**DATA FOR REVIEW:**
********

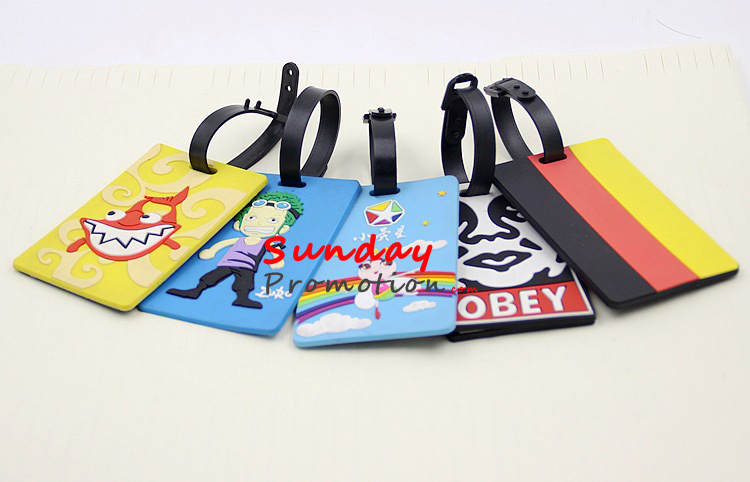 Custom Soft Luggage Tag Complicate 2D Embossed Travel Tag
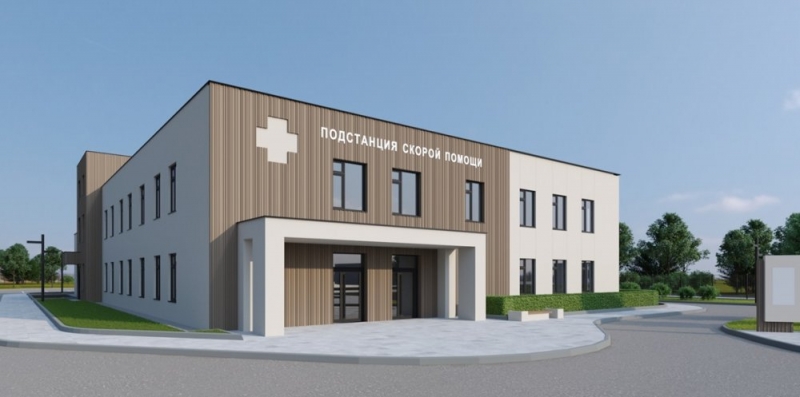 Завершается строительство станции скорой помощи в Кашире
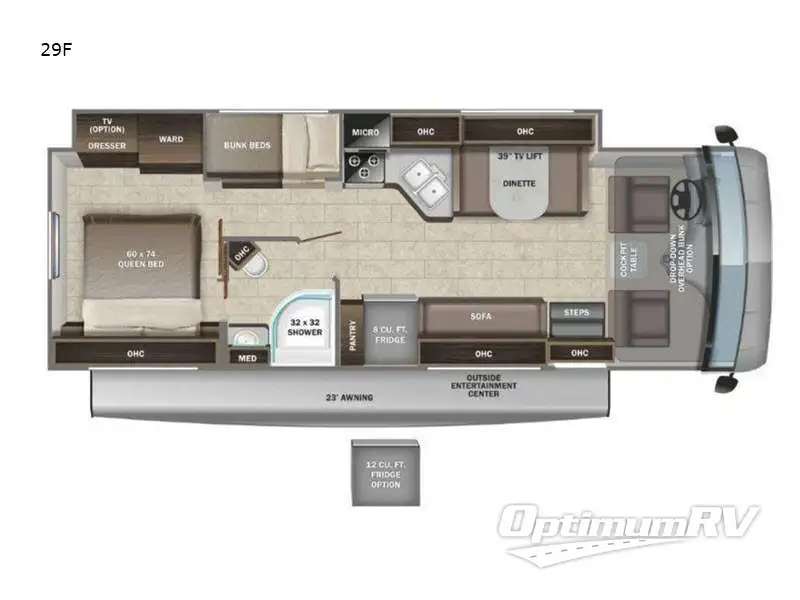 2022 Entegra Vision 29F RV Floorplan Photo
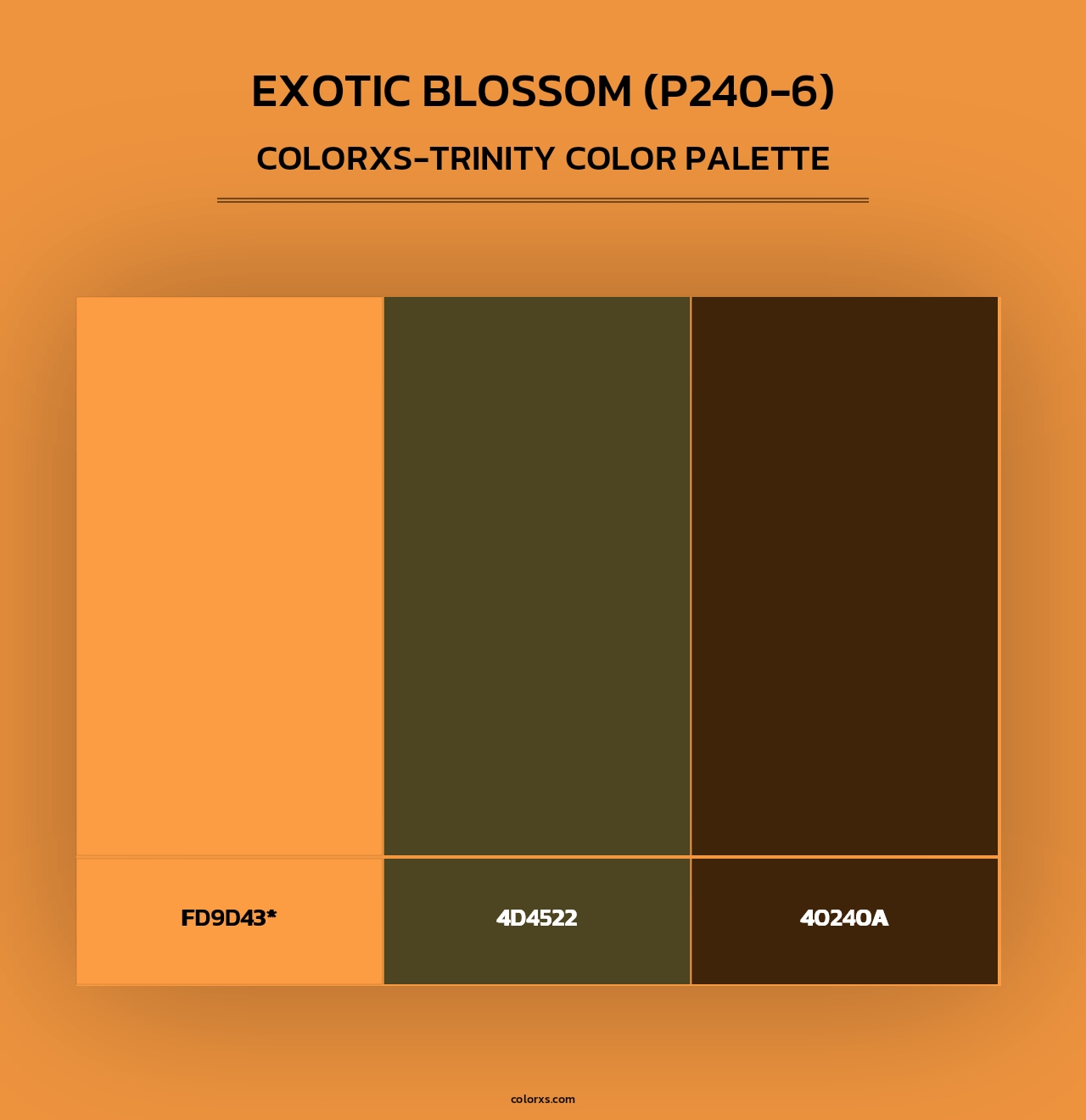 Exotic Blossom (P240-6) - Colorxs Trinity Palette
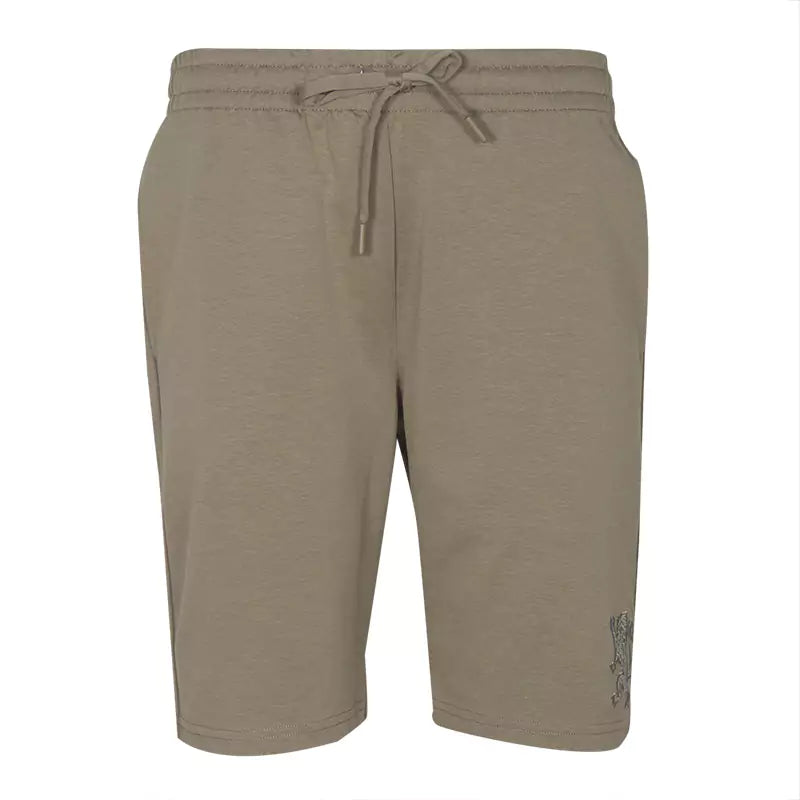 Embroidered 3D Lion Logo Short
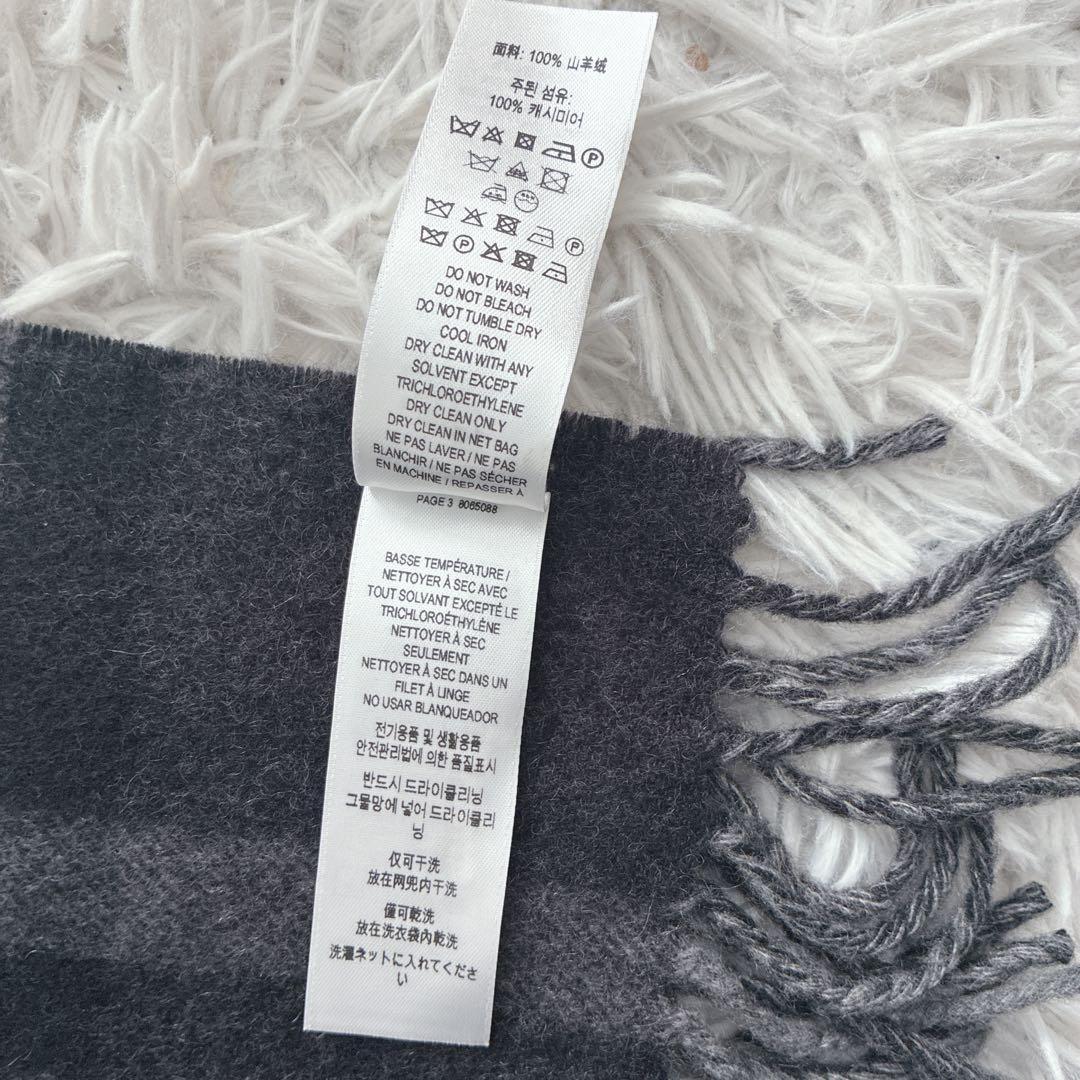 BURBERRY マフラー カシミヤ ノバチェック メガチェック モンタージュ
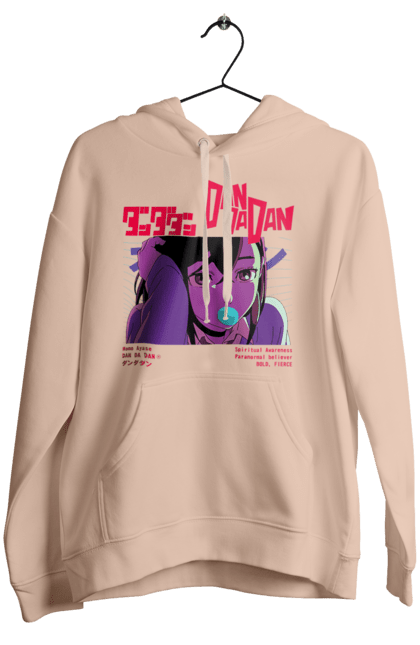 Women`s hoodie with prints Dandadan Momo Ayase. Anime, ayase, dandadan, manga, momo, momo ayase. 2070702
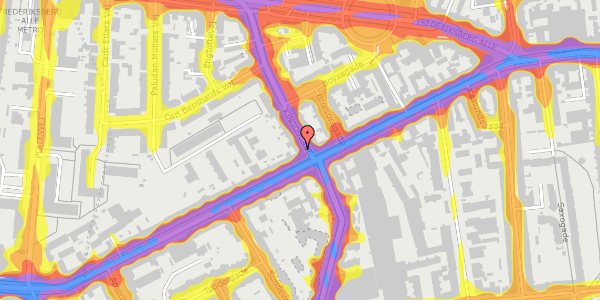 Trafikstøjkort på Kingosgade 1, st. , 1623 København V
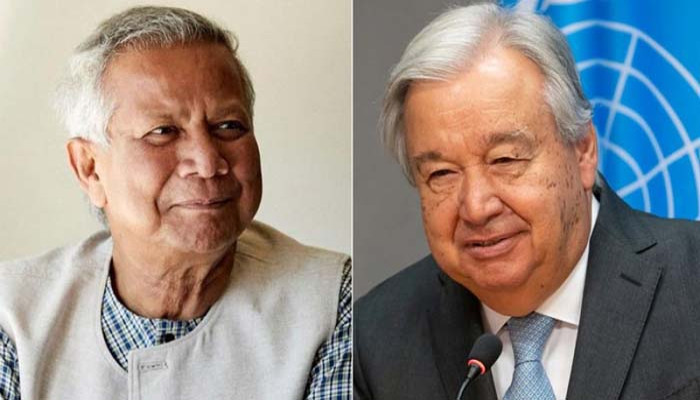 মুহাম্মদ ইউনূসকে গুতেরেসের চিঠি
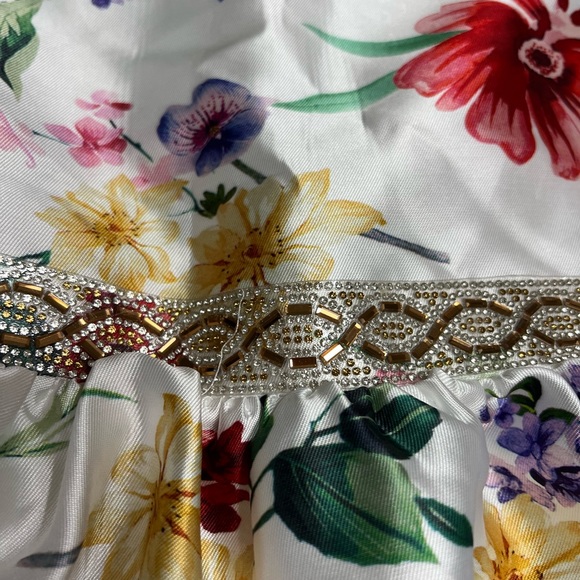 NWT Rare Editions floral embellished Dress size 16 - Picture 4 of 10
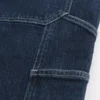 Baggy denim schildersshort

********

**WHAT IS REQUIRED:** Leaving the pictures aside, write out only the lines from the one containing "2022 Entegra Vision 29F RV Floorplan Photo" through the end of the material, exactly as they stand.

**WRITTEN ANSWER:**
 2022 Entegra Vision 29F RV Floorplan Photo
 Exotic Blossom (P240-6) - Colorxs Trinity Palette
 Embroidered 3D Lion Logo Short
 BURBERRY マフラー カシミヤ ノバチェック メガチェック モンタージュ
 Women`s hoodie with prints Dandadan Momo Ayase. Anime, ayase, dandadan, manga, momo, momo ayase. 2070702
 Trafikstøjkort på Kingosgade 1, st. , 1623 København V
 মুহাম্মদ ইউনূসকে গুতেরেসের চিঠি
 NWT Rare Editions floral embellished Dress size 16 - Picture 4 of 10
 Baggy denim schildersshort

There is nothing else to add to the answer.